固定IPを使わなければ$6.63で済みます。

【余談】 t2.nanoは全く使えなかった

余談になりますが、基本利用料が安いインスタンス「t2.nano」は全く使えませんでした。
当初、GRC回すだけだから一番安いプランでいいかと思って設定をし始めたのですが、ソフトのインストールも途中で止まってしまったりと、20年前のPCを使っている気分でした。

AWSインスタンスプライスリスト

windowsをインストールした後にchromeやdropboxをインストールしようとしたのですが、途中で止まってしまいました。

1時間あたりの料金がmicroの半分なのでGRCがインストールできればよかったのですがそこまでたどり着けずに諦めました。

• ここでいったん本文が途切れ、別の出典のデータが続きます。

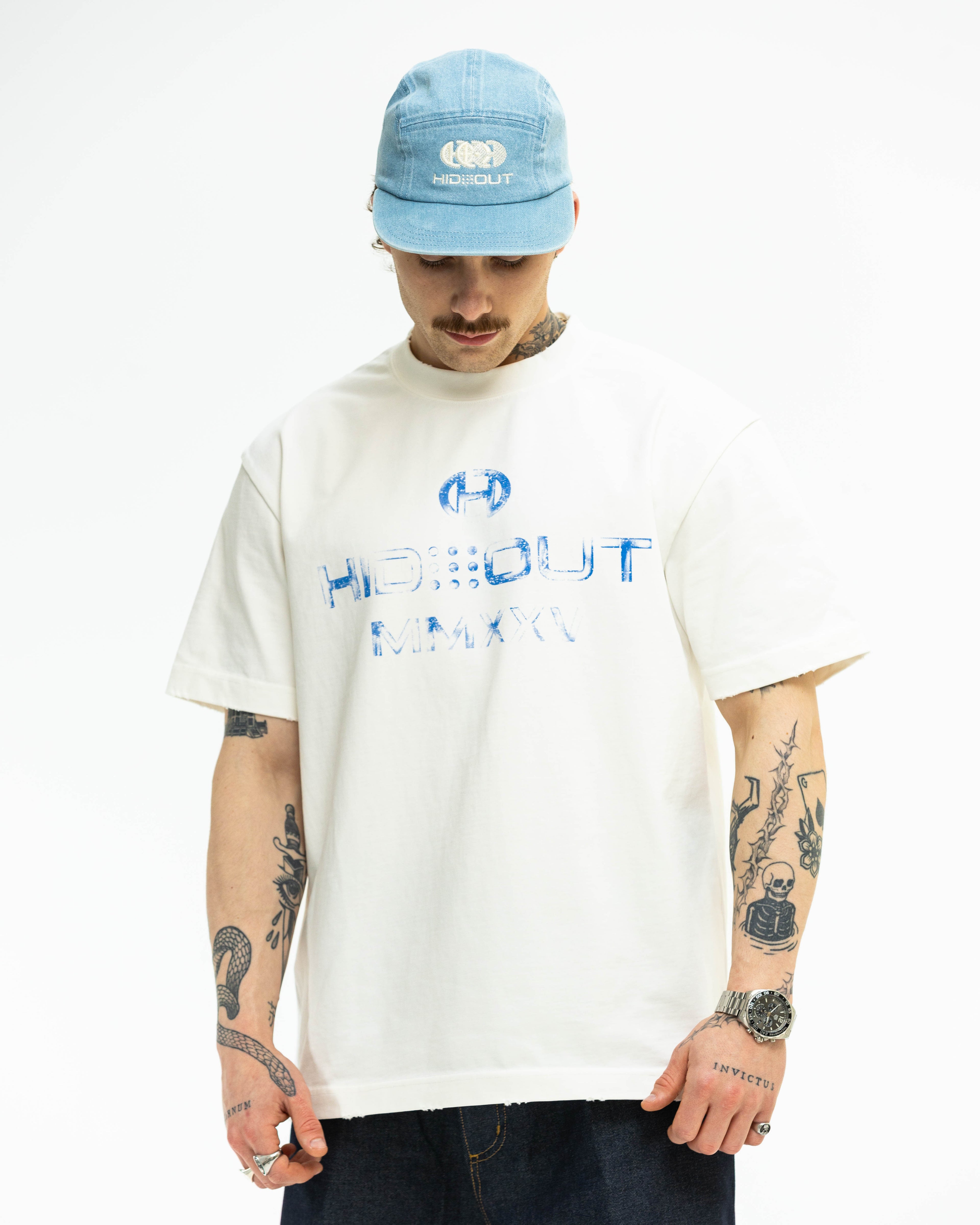 Model wearing Hidden Hideout ARLO -CAP 5 PANEL FLAT VISOR- Light Denim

AWSをスケジューリング起動してGRCを毎日自動で回す方法

さて、ここからが本題です。

全体の流れは下記のとおりです。

  1. EC2スケジューラーを設定する(ほぼクリックだけで完了)
  2. インスタンスのタグを編集して適用する時間を設定する(コピペでOK)
  3. 固定IPを取得する(必須ではないが推奨 簡単に設定できる)
  4. windowsの自動サインインを設定する(バージョンによって違うようで少しややこしい)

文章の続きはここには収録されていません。